Reproduce verbatim the line containing "Vector Logo Illustration" and every line that follows it through the end of the entries below, omitting all pictures.

Content starts

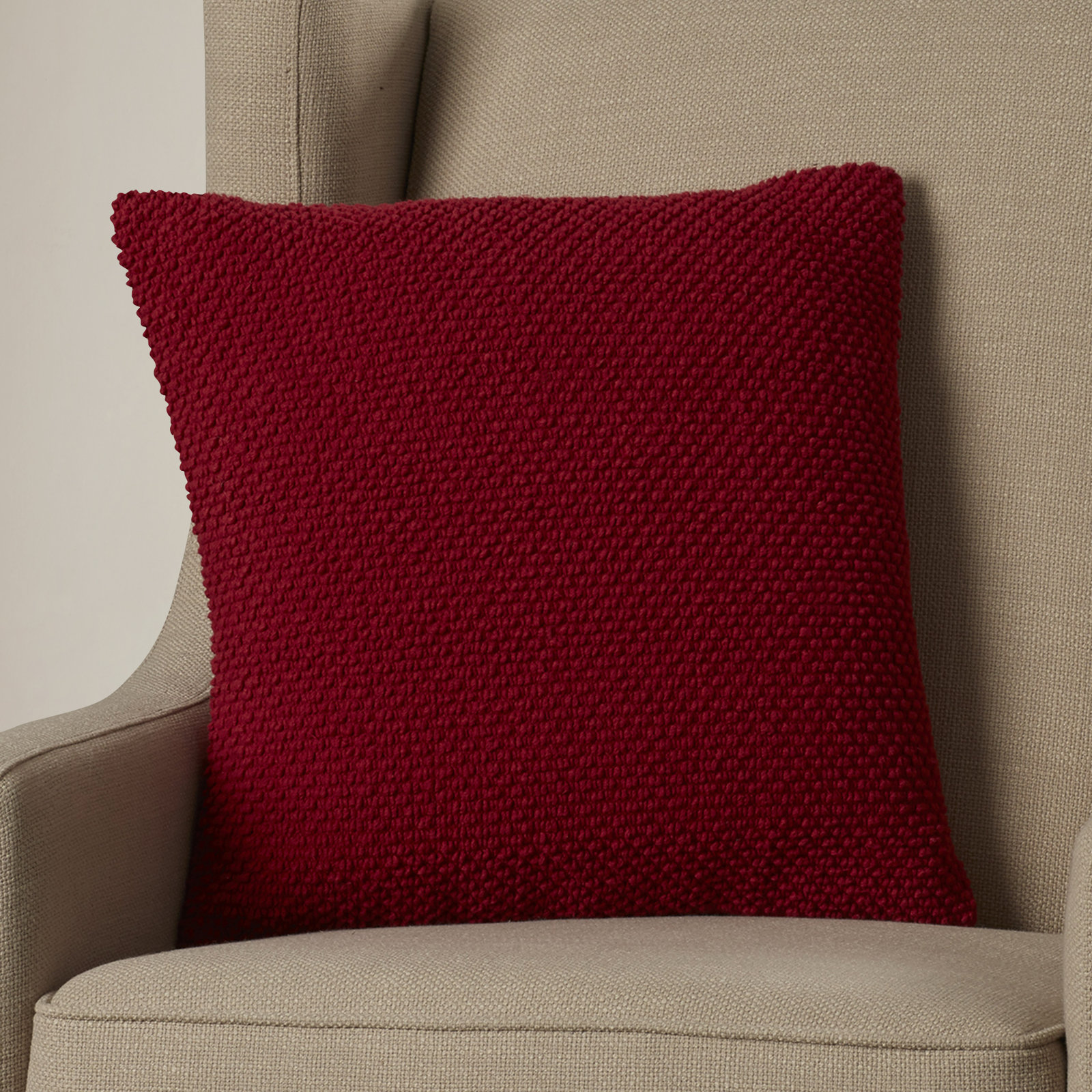 Mansel Textured Throw Pillow, Red, Square 20", Polyester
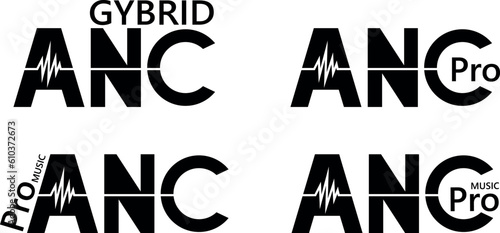 Active noise cancelling. Noise reduction. ANC inscriptions. Symbol indicating the noise cancellation system used in headphones and hi-fi devices. Black letters. Simple vector illustration. photo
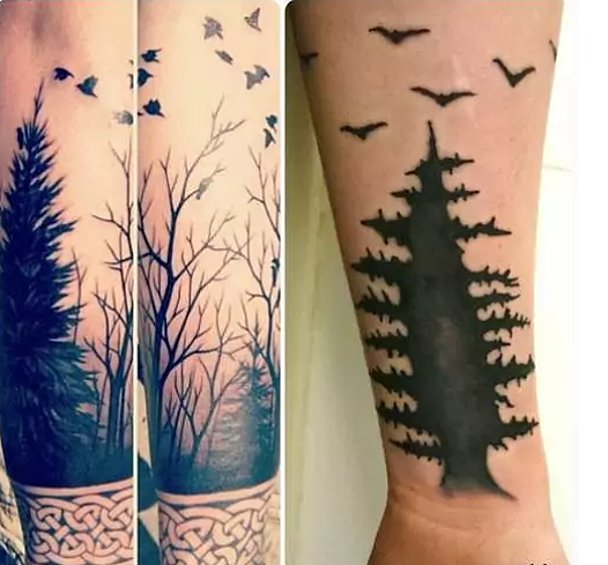 Хотите татуировку? Легко! Только вот у мастеров бывает разное понятие о деревьях и других объектах природы.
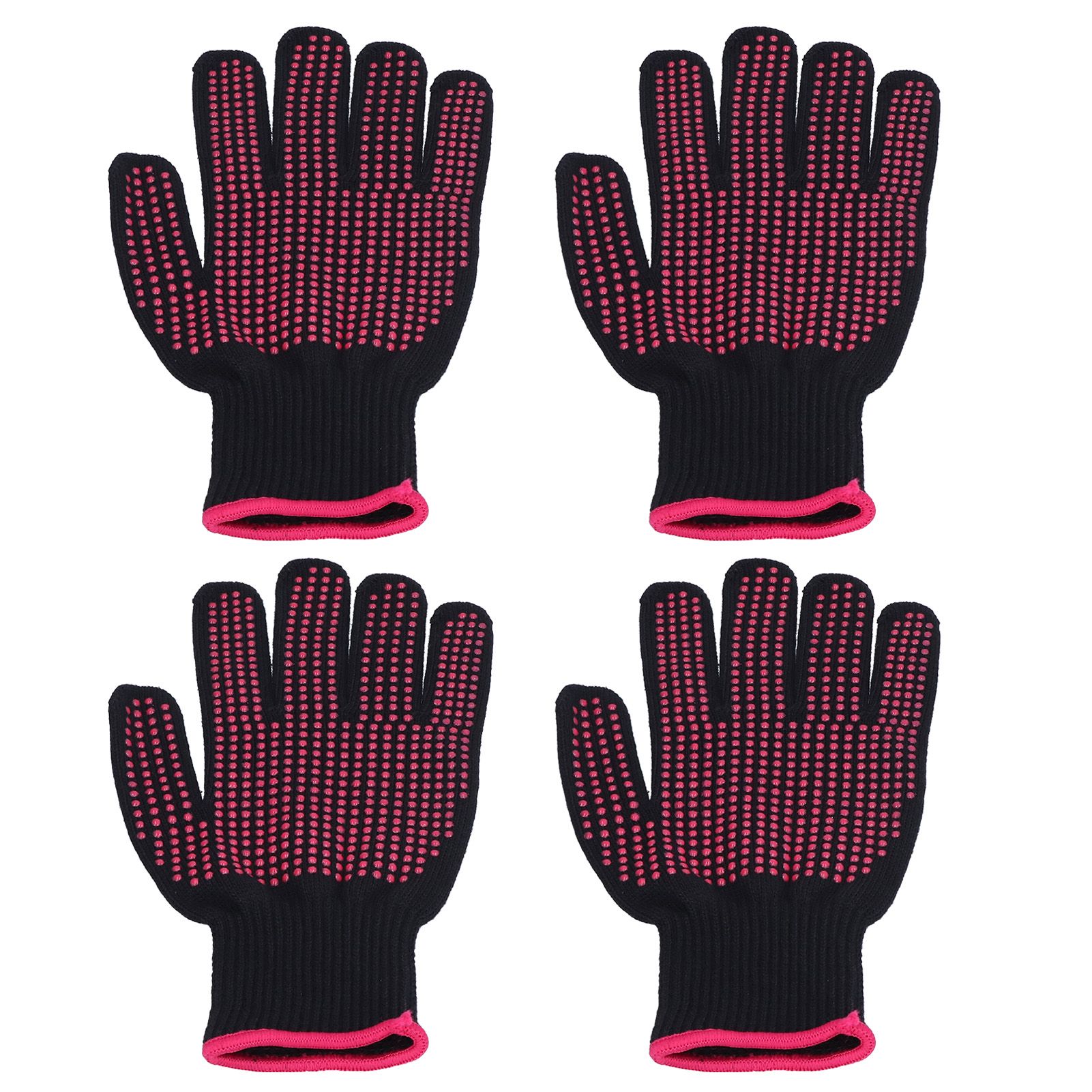 4Pcs Heat Resistant Gloves High Temperature Resistant Anti Scalding Mitts with Silicone BumpsRose Red Silicone Rose Red Edge - Image 3
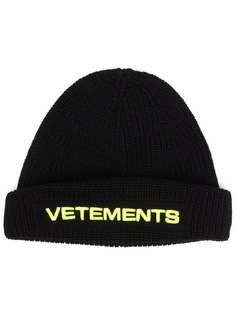 VETEMENTS шапка бини с вышитым логотипом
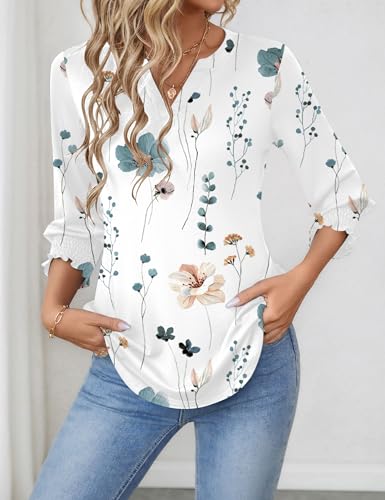 Rapbin Ladies Blouses 3/4 Length Sleeve Elegant V-Neck Summer Casual Tunic Tops for Women Business Shirts (12-14, White Blue Floral) - Image 3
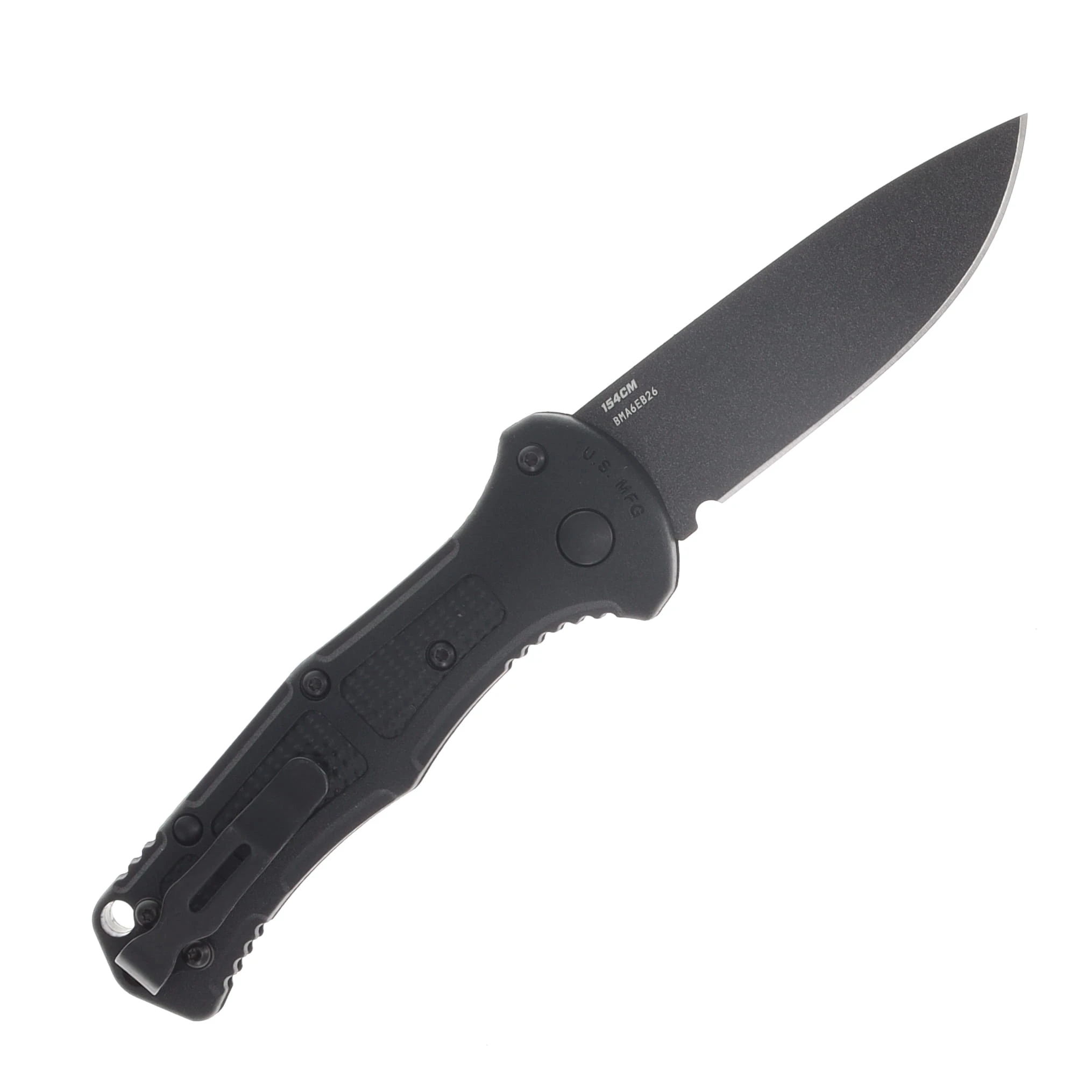Benchmade Mini Claymore Automatic Knife Cobalt Black Cerakote Drop Point/Black Grivory AUBM9570BK-02 View 2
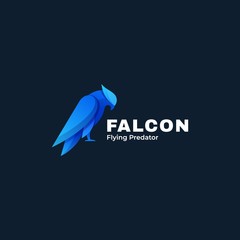 Vector Logo Illustration Bird Falcon Gradient Colorful Style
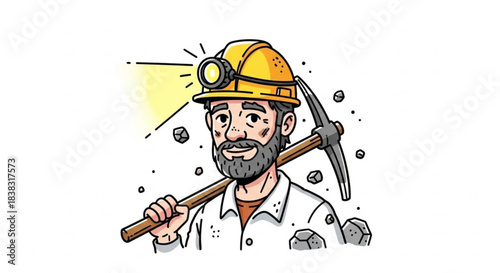 Miner with pickaxe and lamp smiling amid rocks and dirt  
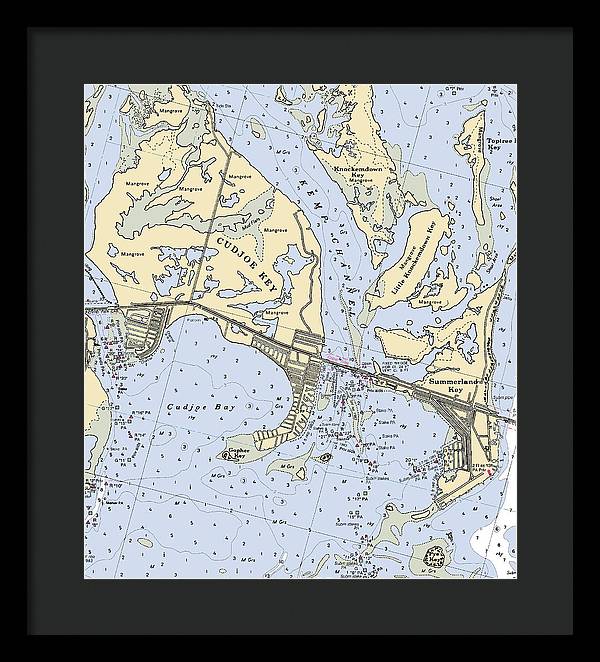 Cudjoe Summerland Keys-florida Nautical Chart - Framed Print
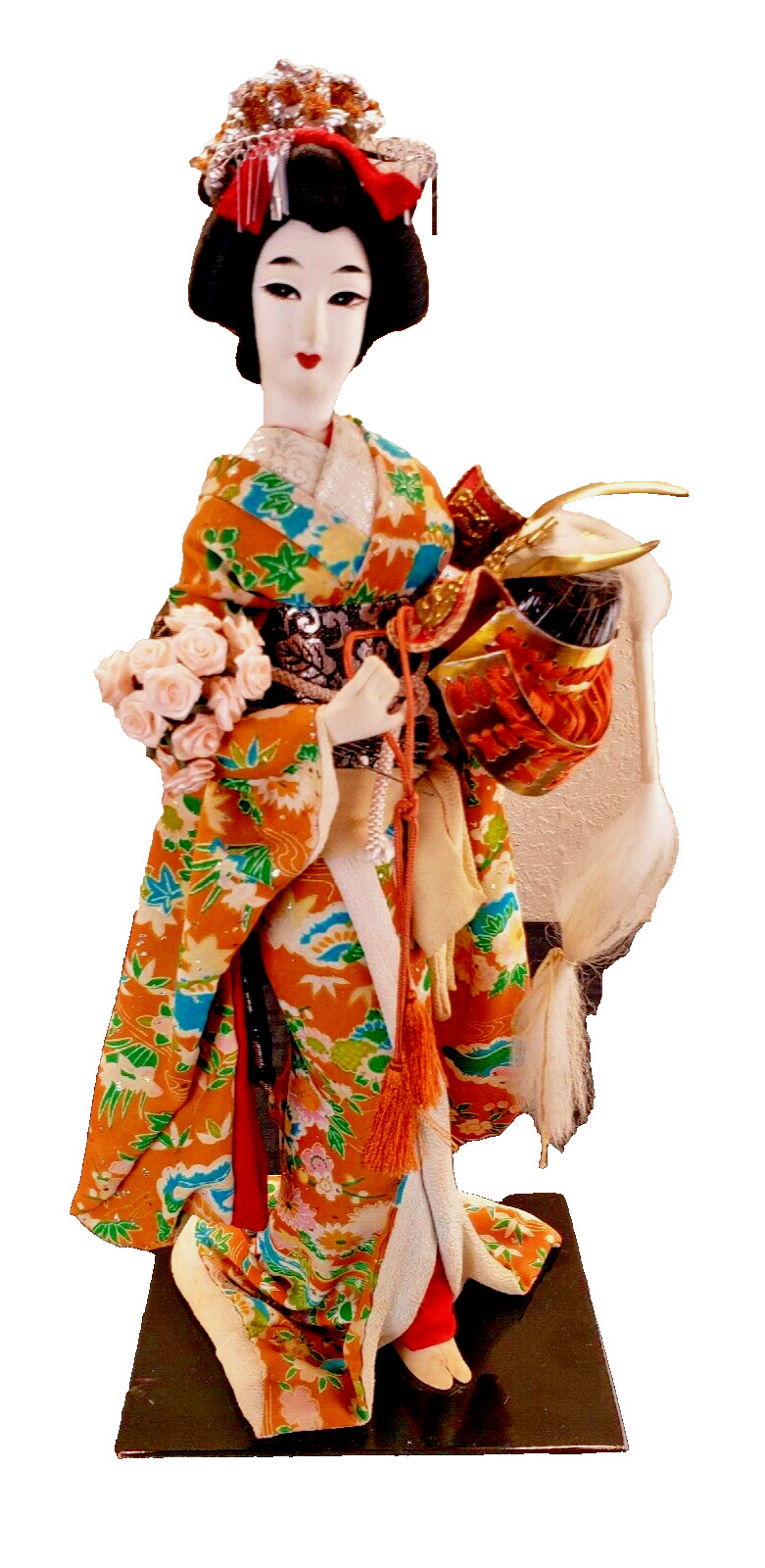 Vintage Japanese Geisha Wearing Traditional Kimono Japan Folk Craft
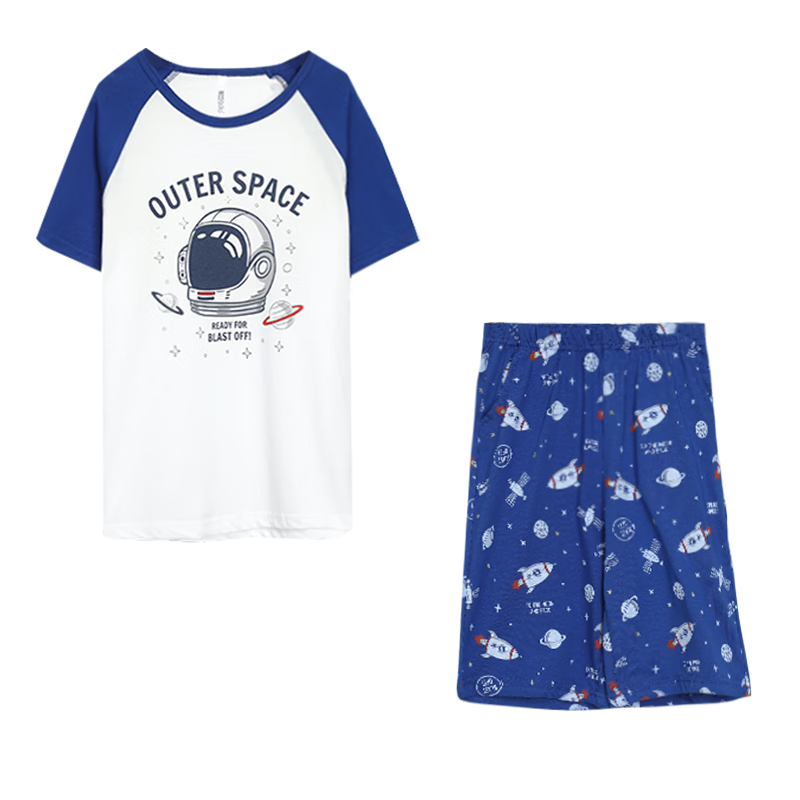 Hodohome Children's Pajamas, Boys' Summer Pure Cotton Loungewear, Big Kids Short-Sleeve Shorts Air Conditioning Suit Set, Size 315 One 165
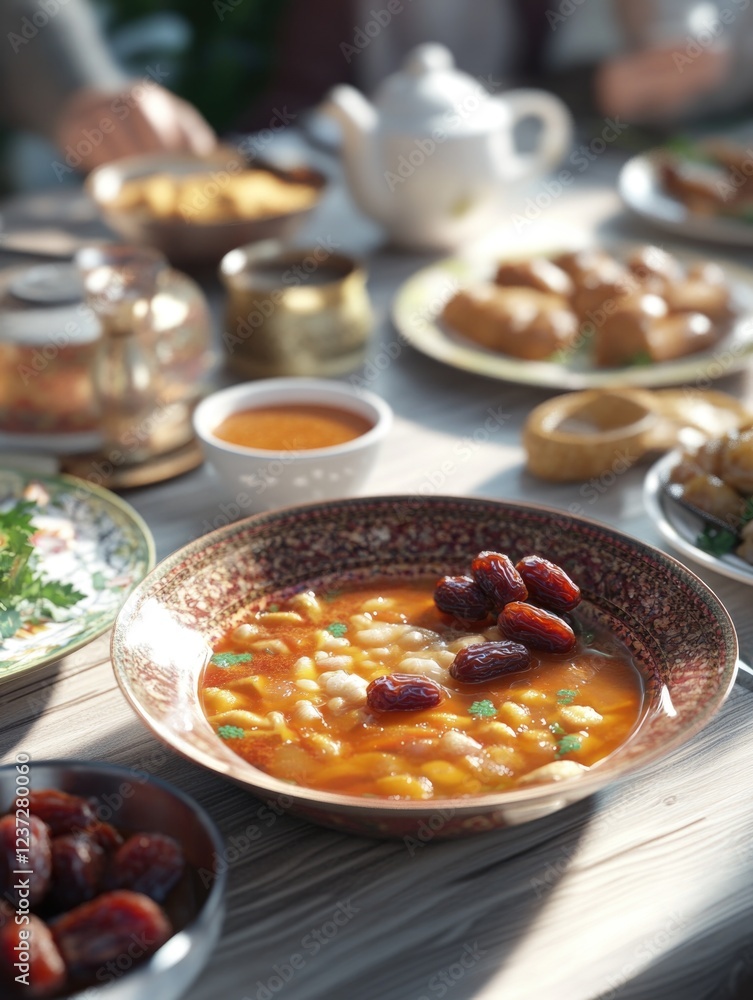 A table of traditional Persian dishes including soup, nuts and dates, potato salad, slow-cooked grains, and more. A gathering of family sharing cultural food. A table of traditional Persian dishes including soup, nuts and dates, potato salad, slow-cooked grains, and more. A gathering of family sharing cultural food.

Content ends

■ RESPONSE BELOW:
 Vector Logo Illustration Bird Falcon Gradient Colorful Style
 Miner with pickaxe and lamp smiling amid rocks and dirt  
 Cudjoe Summerland Keys-florida Nautical Chart - Framed Print
 Vintage Japanese Geisha Wearing Traditional Kimono Japan Folk Craft
 Hodohome Children's Pajamas, Boys' Summer Pure Cotton Loungewear, Big Kids Short-Sleeve Shorts Air Conditioning Suit Set, Size 315 One 165
 A table of traditional Persian dishes including soup, nuts and dates, potato salad, slow-cooked grains, and more. A gathering of family sharing cultural food. A table of traditional Persian dishes including soup, nuts and dates, potato salad, slow-cooked grains, and more. A gathering of family sharing cultural food.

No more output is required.